Weathering Relationship Seasons

In any longterm relationship, just as in nature, there are seasons. When first I met my husband, it felt like an eternal summer...things were warm and carefree. As our love grew, we changed and so did our love. These changes, just like a seasonal change, can make us want to buck. But as change is the only constant, you begin to get used to it.

Even getting used to it, though, doesn't always make it easy. Lately, I have to admit, I find myself longing for those days when we were carefree and things didn't seem so serious. No matter how much I long for them, though, they are gone, replaced by a more serious and adult world and there is no choice but to get on board. One thing I happen to like about the change is that our love changes and grows deeper... the roots we shared are more entwined.

So how do you weather it when you find yourself in a new season, or on the brink of change? Here are some tips:

Stay upbeat and positive
Embracing change can make it easier. Listen to positive music when you wake up, make a list of the things you are grateful for, and tell the people who are important to you that you love them. These simple things give you a more positive outlook on life and make changes easier. When you face the world with a positive attitude, things seem brighter.

Check in with your partner & let them in on your secrets 
I once read this quote: "People change and forget to tell one another." As you change you need to let your partner know because, while they love you, they aren't a mind reader. The more they know, the better they can navigate with you. So keep your partner informed whether you are changing your political party or just cutting out red meat.

Make time for love
And I am not just talking about sex, though certainly, it can lead to that. The more comfortable I get in my relationship, the more I find I sometimes forget the little things that make love really soar between us, and I need to take a beat and get back to basics. Love notes. KISSING. Sitting on the couch next to my husband instead of in my chair--these little things make a difference and are great expressions of love, especially in times of flux.

HAVE FUN 
When I am going through change, especially tough change, I don't always take time out for fun. When I do, it helps to put things into perspective. See a movie, cook together, take the dogs on a walk--as long as it's fun, consider it DONE! Remembering how to have fun with one another should really do the trick when you are having a tough go of it.
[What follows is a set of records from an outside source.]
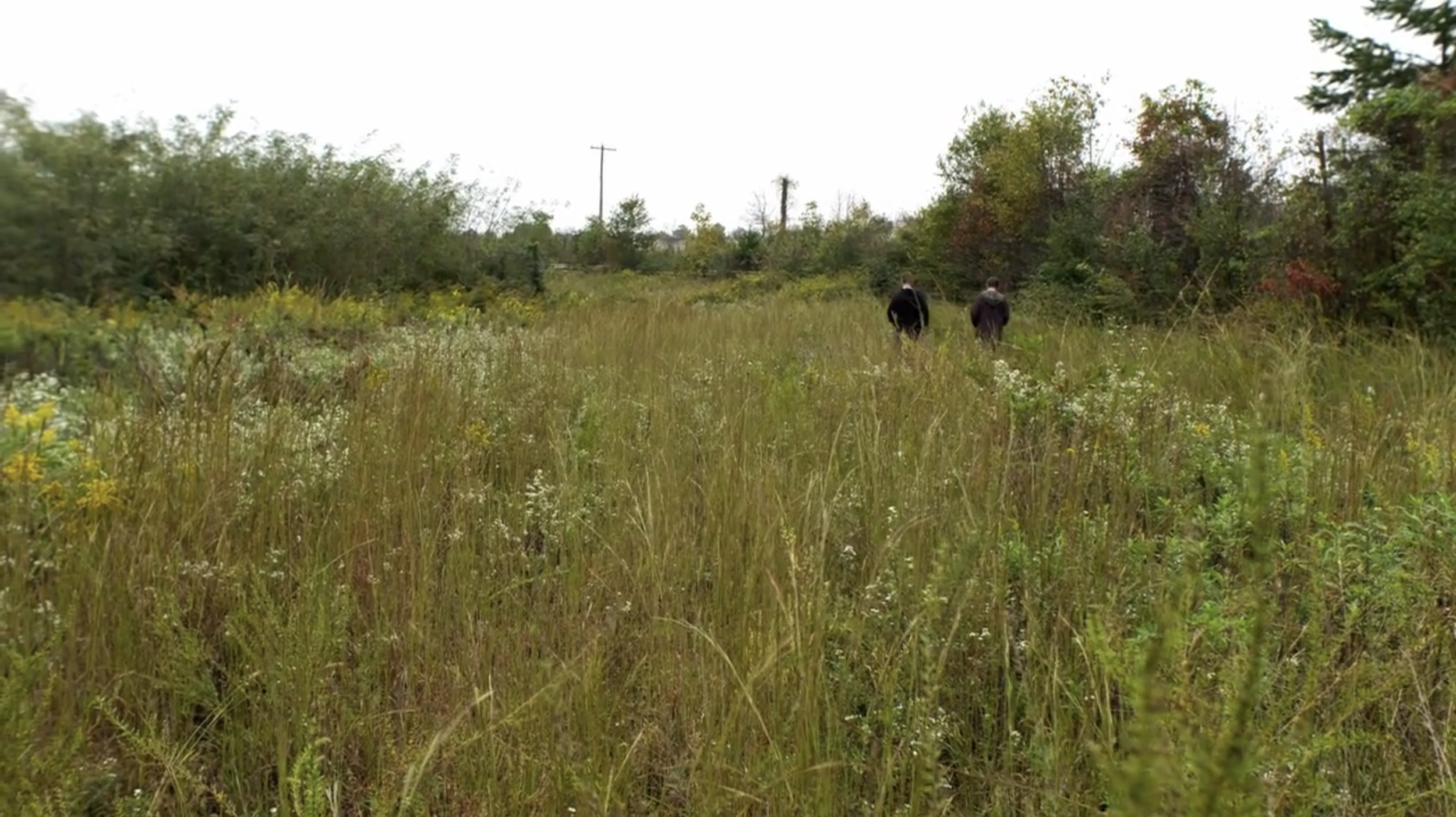 Screen Shot 2026-04-14 at 7.44.14 AM.png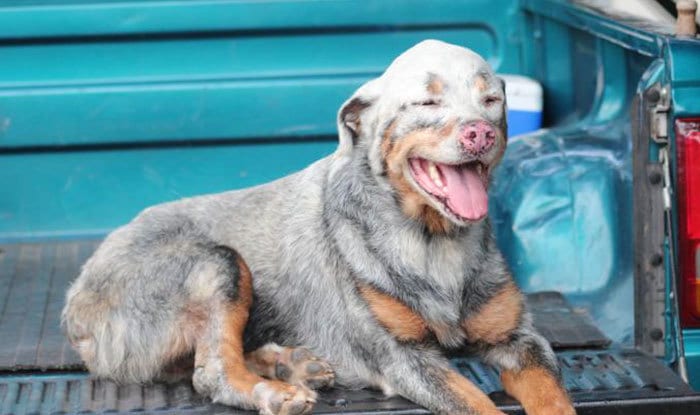 Vitiligo Animal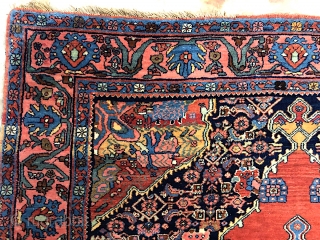 Bidjar-- approx 4.9 x 6.9-- Circa 100 years old. Classic open medallion on wool foundation. One of the finest and most beautiful examples ever. Terrific pristine  condition. Call me for in  ...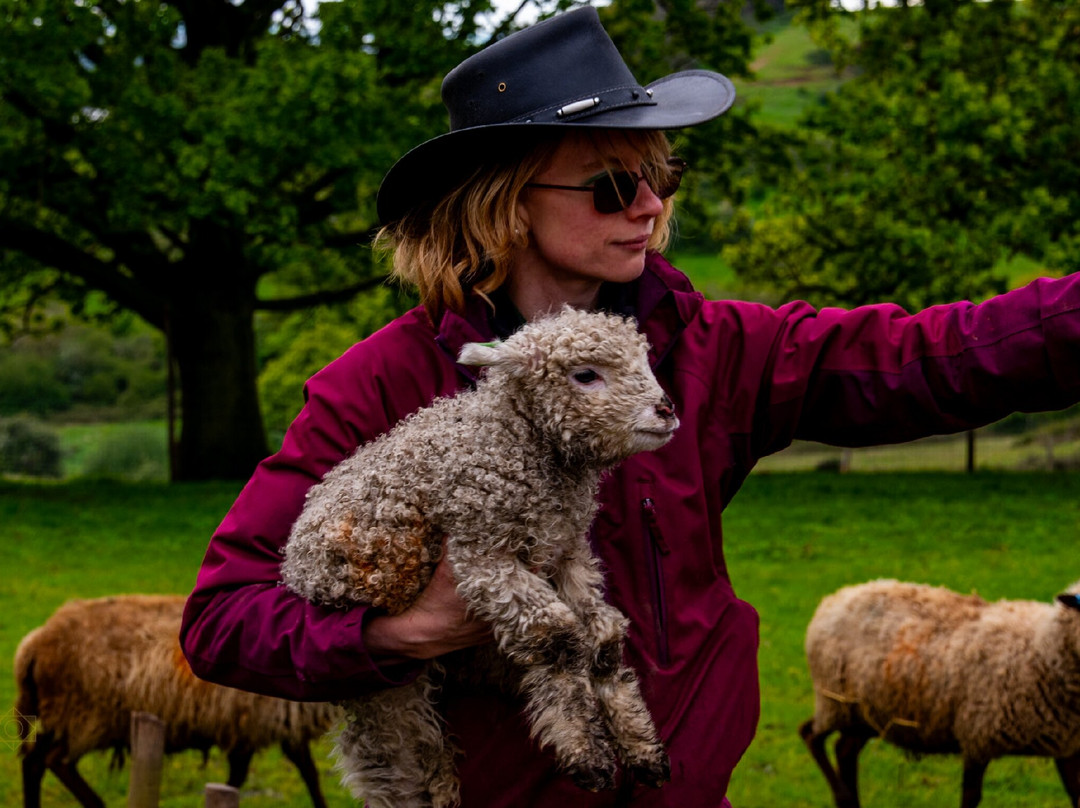 Hadleigh Farm - Rare Breeds Centre景点图片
I also want to hear from YOU. How do you weather the seasons of your relationship? What techniques work for you?? 

1 comment:

  1. My husband and I met back in high school, and we'll be celebrating 6 years next month. They've been some really rough years, mainly financially. We often say that the only thing we have is what we'll always have- hope. We even chose that as our daughter's name- Hope Elizabeth.

    When times are tough, and we're struggling, we like to do as we used to back in high school- we write eachother little notes. Sometimes it's just a simple reminder of how much we love eachother. Sometimes it's a naughty note to keep the flames burning. But regardless of what they contain, they keep us united, and they're wonderful to boost us when we're feeling down- we just go back and reread them, and it inspires us to write more. It's the little things that keep love alive.